There are many definitions of entrepreneurship, but I define it as essentially the act of having the ability to recognise an opportunity, shape a goal, and energise your ambition to make it happen. James has grasped an amazing opportunity to shape and write his own entrepreneurial story in New York.

New York’s skyline. Just the shapes, and the thought that made them, the will of man made visible. New York is a wellspring of inspiration, with action, romance, and fascinating strangers lurking around every corner. Ok, he may start wearing sneakers rather than trainers, develop an appetite for potato chips, and takeouts rather than takeaways and crisps, and talk about garbage instead of rubbish, but living in hipsterville Brooklyn is a great place to be right now. A life without dreaming is a life without meaning.

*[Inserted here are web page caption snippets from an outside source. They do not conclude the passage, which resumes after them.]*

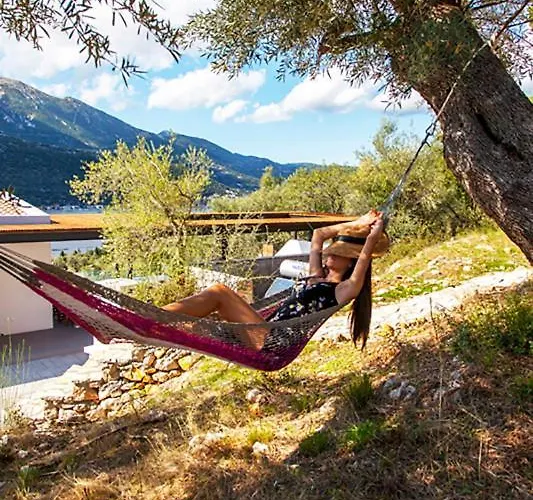 Theia * Katokhorion (Lefkada)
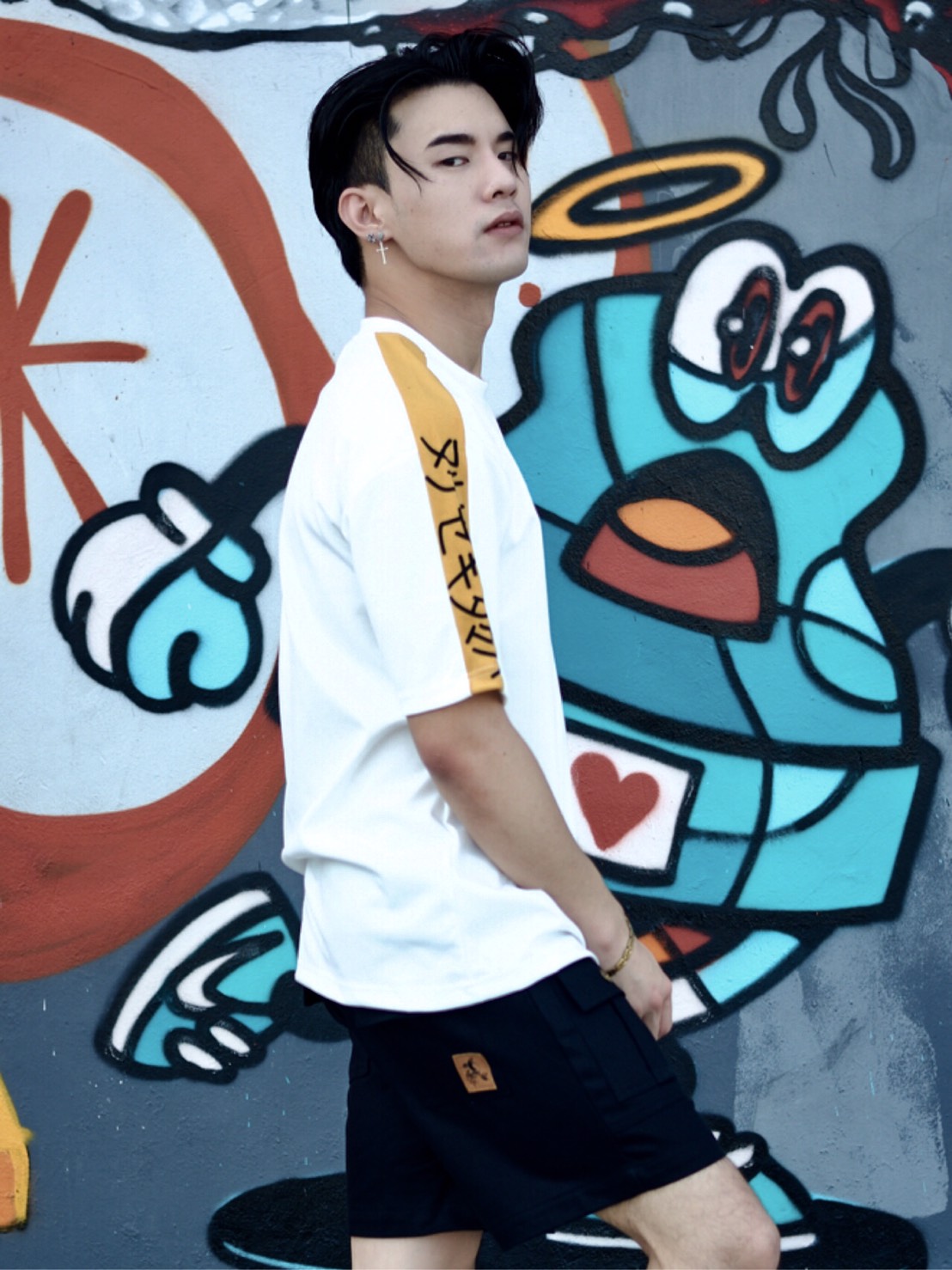 รับผลิตเสื้อยืด เสื้อทีม เสื้อทำงาน เสื้อร้าน เสื้อออกกำลังกาย รับสกรีนเสื้อ รับทำเสื้อทีม รับทำชุดยูนิฟอร์ม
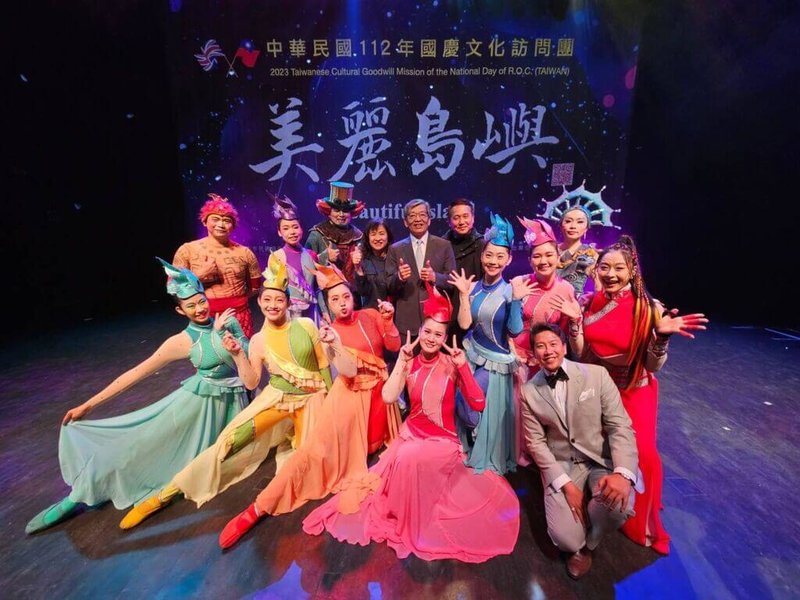 旅英僑界國慶活動20日晚間以「舞鈴劇場」演出「美麗島嶼」畫下句點,約500位台灣和英國觀眾一同欣賞,駐英國代表謝武樵(中)出席致詞。(英國台灣商會提供)中央社記者陳韻聿倫敦傳真 112年9月22日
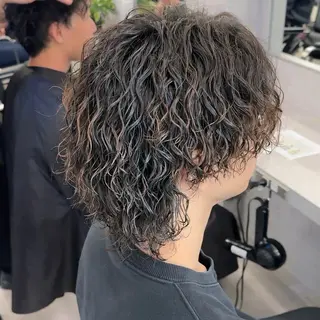 セミロング パーマ メンズ ✅シャドウ/フェザー パーマメンズりつきのヘアスタイル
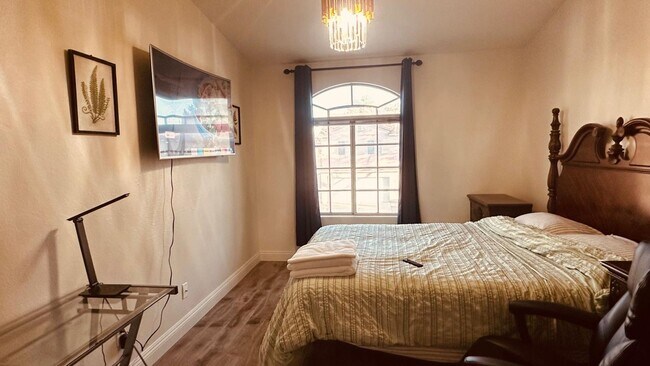 Building Photo - Furnished 3 Bedroom Home in Gated Community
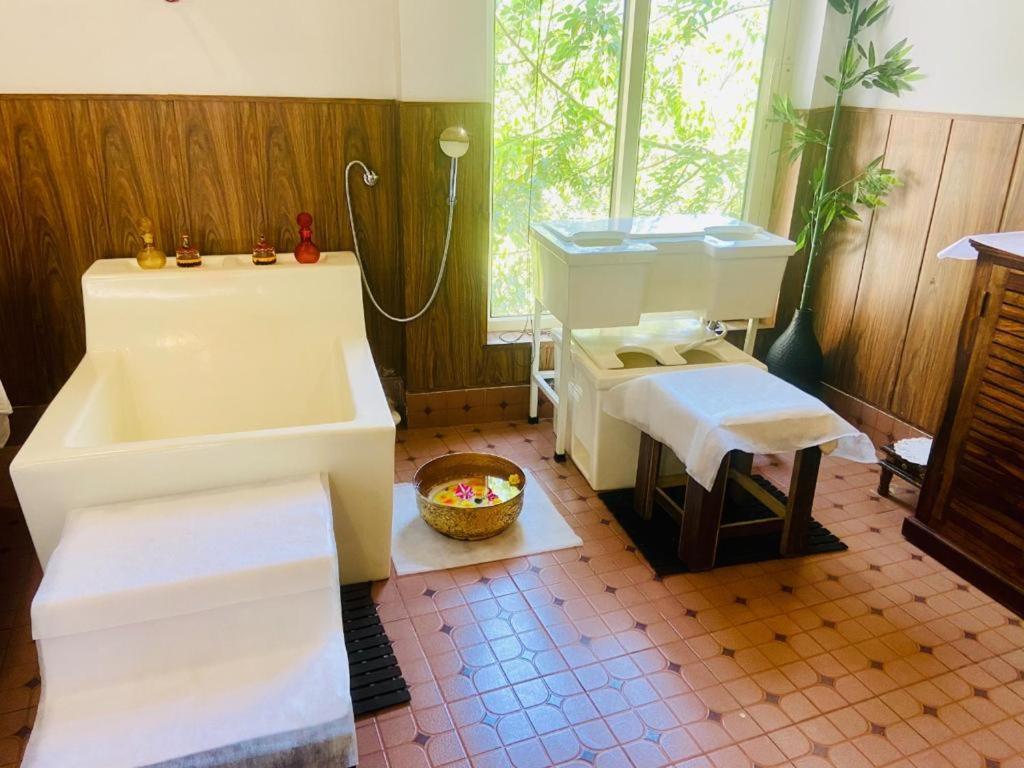 Veda5 Wellness Retreat & Spa Олд Гоа Екстериор снимка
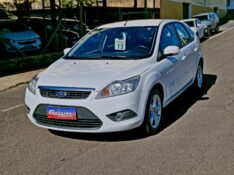 FORD FOCUS 2.0 FLEX 2013/2013 CRUZEIRO MULTIMARCAS CRUZEIRO DO SUL / Carros no Vale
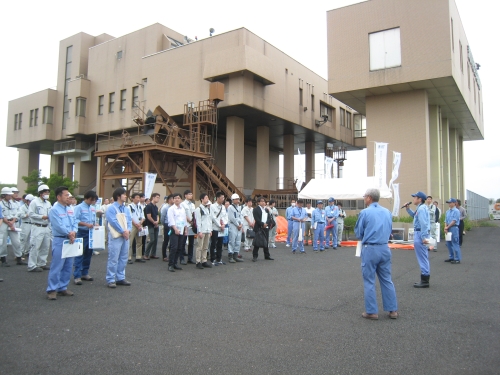 始めに当事務所長からの挨拶。行政の防災担当者や災害協定業者約100名が参加しました。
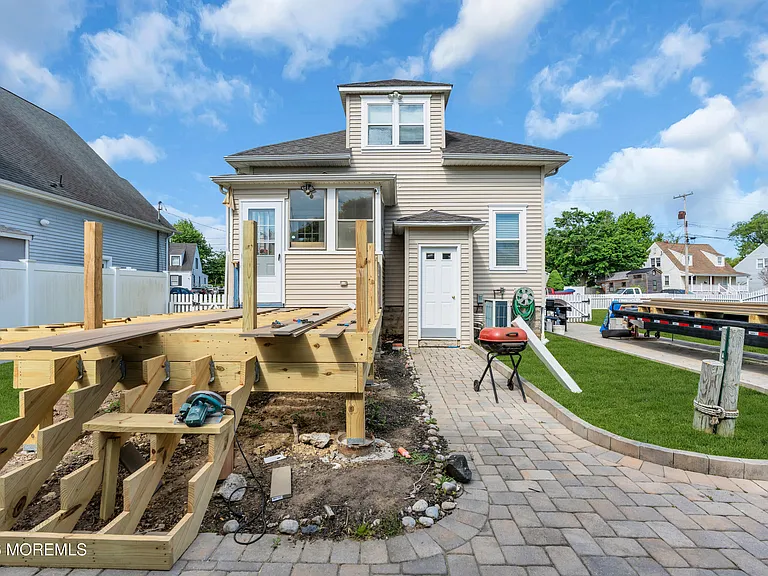 505 Long Branch Ave — Photo 35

New York, the hustle bustle of the crowds and the traffic, a metaphor for the wrestling of humanity in all its dimensions, a place as tough, noisy and romantic as his home town of Rawtenstall. The Bowery, the High Line, Dominique Ansel’s Cronuts – a croissant and donut hybrid. Oh, but he’s gone there to work and learn too, on some of the coolest, most advanced software and technology you can have today.

Life is what you make it, and the entrepreneurial spirit is vital if you are to step up from the ordinary. The entrepreneurial mindset, taking responsibility for yourself, dealing with the hot-and-the-cold, the nice-to-have and the have-not moments, in harsh (not virtual) reality.

Entrepreneurs know that opportunity is not a game, it’s a race, a test. Taking full responsibility in action. You have to accept responsibility for whatever happens, and you have to make it happen. As every investment prospectus says, past performance is no guarantee of future returns.

The entrepreneurial spirit of leading a startup – or the startup of me – living on your own wits as a solo artist or striking out like James, is the spirit of individualism, the entrepreneurial self, full ownership and initiator of our own goals and actions. We speak of the ‘entrepreneurial spirit’ as a set of character traits possessed by those who perform and live with a clear vision and purpose for themselves. In that sense, the entrepreneurial spirit is something that all of us can and should aspire to, pertaining to the pursuit of goals, self-ownership, and commitment to realising personal ambition.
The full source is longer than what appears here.